In light of International Women’s Day, we’ve compiled a list of some international women who have inspired and influenced our work at Hackney Herbal, including the star of our movie screening tomorrow at MOTH Club, Juliette. There’s still time to grab a ticket here.
Juliette de Bairacli Levy
“Juliette of the Herbs” is the name of the film and an affectionate nickname for its star, Juliette, who was a pioneer and is still today an inspiration to the many women who’ve followed in her footsteps and crafted their own careers and life long passion with herbs and the plant kingdom. For more than 70 years Juliette lived with the Gypsies, nomads and peasants of the world, learning the healing arts from these people who live close to nature, and learning from nature herself. Juliette’s life story is as colourful and exciting as her tremendous wealth of herbal knowledge. She is the author of several books on herbal medicine, including the first published work on veterinarian medicine, The Complete Herbal Handbook for Farm and Stable.
Maria The Jewess
Maria is considered to be the first alchemist of the Western world. She is also referred to as Maria the Prophetess or Maria the Hebrew. She lived in ancient Egypt, around the first century CE. Maria is recognised for inventing a number of alchemical apparatus, one of which mimicked the process of distillation in nature and would become a modern staple in chemistry laboratories and apothecaries.
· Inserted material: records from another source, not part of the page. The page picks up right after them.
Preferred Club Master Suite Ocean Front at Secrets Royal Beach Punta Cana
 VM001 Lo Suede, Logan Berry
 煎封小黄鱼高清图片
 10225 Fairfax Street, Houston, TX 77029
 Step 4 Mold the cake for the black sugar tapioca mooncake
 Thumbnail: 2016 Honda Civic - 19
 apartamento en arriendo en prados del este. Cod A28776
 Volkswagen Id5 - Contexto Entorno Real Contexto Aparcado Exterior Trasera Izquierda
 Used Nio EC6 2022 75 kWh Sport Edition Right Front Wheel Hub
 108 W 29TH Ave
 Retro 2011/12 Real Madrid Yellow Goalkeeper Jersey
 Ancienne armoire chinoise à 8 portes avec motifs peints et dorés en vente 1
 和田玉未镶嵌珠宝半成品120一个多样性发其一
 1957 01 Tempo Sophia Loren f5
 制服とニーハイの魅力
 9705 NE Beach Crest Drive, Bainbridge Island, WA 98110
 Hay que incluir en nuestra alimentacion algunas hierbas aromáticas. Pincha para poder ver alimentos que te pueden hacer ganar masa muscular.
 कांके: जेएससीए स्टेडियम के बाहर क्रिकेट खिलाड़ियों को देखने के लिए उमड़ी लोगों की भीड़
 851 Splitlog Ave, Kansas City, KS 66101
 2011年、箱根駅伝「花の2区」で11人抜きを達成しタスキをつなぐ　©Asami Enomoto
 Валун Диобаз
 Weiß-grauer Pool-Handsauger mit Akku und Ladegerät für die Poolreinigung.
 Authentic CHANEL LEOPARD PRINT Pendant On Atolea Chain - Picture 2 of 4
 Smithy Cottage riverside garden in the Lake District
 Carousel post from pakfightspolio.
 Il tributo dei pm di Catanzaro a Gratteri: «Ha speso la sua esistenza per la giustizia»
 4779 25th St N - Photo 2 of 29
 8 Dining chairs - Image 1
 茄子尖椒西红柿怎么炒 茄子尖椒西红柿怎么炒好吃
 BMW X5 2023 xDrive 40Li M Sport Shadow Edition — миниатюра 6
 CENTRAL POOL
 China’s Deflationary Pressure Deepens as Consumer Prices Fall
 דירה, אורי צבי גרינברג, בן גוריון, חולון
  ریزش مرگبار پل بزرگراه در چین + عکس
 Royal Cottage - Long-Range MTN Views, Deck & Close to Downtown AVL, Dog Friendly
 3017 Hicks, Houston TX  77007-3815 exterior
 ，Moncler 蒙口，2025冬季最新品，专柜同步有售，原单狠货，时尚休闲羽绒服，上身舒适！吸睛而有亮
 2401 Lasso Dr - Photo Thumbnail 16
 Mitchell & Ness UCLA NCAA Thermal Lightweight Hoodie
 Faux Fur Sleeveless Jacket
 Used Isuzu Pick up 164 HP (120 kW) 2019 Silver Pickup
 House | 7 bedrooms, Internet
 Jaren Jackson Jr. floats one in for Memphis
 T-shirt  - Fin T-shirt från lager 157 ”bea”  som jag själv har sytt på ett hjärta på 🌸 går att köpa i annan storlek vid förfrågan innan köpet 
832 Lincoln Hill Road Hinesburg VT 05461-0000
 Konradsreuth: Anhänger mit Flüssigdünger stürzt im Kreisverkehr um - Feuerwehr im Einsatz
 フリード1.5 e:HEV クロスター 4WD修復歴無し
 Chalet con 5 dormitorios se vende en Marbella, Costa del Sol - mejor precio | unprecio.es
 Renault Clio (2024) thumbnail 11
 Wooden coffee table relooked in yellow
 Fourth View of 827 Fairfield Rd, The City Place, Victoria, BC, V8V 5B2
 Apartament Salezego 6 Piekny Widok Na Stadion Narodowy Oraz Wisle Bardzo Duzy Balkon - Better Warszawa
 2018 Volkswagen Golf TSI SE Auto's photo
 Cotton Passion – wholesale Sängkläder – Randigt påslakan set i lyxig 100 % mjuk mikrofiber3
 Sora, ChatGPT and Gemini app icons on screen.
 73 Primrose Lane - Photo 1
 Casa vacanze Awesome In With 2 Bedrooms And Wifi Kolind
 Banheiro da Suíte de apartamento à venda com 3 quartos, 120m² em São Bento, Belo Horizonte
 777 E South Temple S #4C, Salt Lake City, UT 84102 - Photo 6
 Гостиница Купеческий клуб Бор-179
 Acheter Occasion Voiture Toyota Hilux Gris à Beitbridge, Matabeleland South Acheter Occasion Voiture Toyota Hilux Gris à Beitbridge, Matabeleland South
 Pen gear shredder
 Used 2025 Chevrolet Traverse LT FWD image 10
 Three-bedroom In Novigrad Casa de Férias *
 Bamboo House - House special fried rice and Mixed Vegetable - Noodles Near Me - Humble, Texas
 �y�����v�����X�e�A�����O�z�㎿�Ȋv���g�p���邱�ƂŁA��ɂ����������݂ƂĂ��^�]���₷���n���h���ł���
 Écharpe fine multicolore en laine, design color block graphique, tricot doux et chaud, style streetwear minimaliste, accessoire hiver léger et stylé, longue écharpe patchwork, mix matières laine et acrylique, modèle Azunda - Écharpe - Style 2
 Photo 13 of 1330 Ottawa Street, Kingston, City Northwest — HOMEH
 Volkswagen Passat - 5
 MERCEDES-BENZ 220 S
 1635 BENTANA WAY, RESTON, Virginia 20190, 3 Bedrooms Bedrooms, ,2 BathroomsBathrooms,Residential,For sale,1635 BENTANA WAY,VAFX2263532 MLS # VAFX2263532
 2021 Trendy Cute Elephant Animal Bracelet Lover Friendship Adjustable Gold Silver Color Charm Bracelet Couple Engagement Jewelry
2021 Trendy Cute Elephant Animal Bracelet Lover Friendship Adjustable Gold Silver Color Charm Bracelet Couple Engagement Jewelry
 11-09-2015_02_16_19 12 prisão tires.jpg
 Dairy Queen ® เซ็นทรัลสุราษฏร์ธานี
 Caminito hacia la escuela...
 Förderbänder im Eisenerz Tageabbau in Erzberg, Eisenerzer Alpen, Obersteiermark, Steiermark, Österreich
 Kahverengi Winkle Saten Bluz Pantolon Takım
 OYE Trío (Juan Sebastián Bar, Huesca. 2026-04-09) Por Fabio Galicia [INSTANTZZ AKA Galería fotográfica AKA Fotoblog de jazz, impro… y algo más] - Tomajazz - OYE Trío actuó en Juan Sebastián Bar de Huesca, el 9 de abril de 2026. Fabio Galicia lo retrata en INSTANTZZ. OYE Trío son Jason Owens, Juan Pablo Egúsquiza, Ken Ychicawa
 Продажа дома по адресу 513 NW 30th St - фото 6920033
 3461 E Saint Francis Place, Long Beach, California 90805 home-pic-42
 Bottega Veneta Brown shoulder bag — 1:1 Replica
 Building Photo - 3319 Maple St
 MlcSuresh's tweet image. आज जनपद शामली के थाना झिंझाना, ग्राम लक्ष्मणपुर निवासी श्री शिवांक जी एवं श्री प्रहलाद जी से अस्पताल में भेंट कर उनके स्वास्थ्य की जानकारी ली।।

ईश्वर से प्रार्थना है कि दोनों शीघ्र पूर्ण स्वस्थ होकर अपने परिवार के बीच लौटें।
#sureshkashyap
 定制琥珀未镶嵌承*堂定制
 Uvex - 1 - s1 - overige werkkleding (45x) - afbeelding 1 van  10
In fact, we often use it in our Hackney Herbal workshops - the Bain Marie or ‘Mary’s Bath.’ We don’t know much else about Maria herself, but what a worthwhile invention!
Vandana is an environmentalist living in Delhi. She founded ‘Navdanya’ in 1991; a research institute which aims to protect the diversity and integrity of living resources, in particular native seed, the promotion of organic farming and fair trade. She has written more than twenty books, including “Making Peace With the Earth” regarding Indian social-ecological concerns and insights, with a big focus on the relationship between communities and nature. Recognised as an 'Environmental Hero' by Time magazine in 2003, Vandana has worked tirelessly to promote and defend biodiversity in agriculture.
At the very forefront of recycling, long before any of us deemed it important, was Isatou. For nearly two decades, she has been educating women and making positive changes to tackle waste in The Gambia, founding her project ‘One Plastic Bag’ in the 90’s, which transformed waste into purses and bags. It might seem common now, but this was revolutionary at the time and inspired others to follow in her footsteps. Thanks to her efforts, not only has the amount of waste in The Gambia drastically decreased, Isatou has created a plethora of jobs for West African women and been able to provide them with a monthly salary.
We consider the National Trust one of the best things about the UK and Octavia is one of its three founders. She made a career out of improving welfare for others, particularly in campaigning for the need for open green spaces in urban environments, Octavia believed ‘a few acres where the hilltop enables the Londoner to rise above the smoke, to feel a refreshing air for a little time and to see the sun setting in coloured glory which abounds so in the Earth God made’. Just some of the fruits of her hard work include the opening-up of graveyards to the public, the saving of Hampstead Heath and Parliament Hill from developers. We have Octavia to thank for making it her lifetime mission to ensure that London’s rapidly decreasing green spaces could ‘be kept for the enjoyment, refreshment, and rest of those who have no country house’.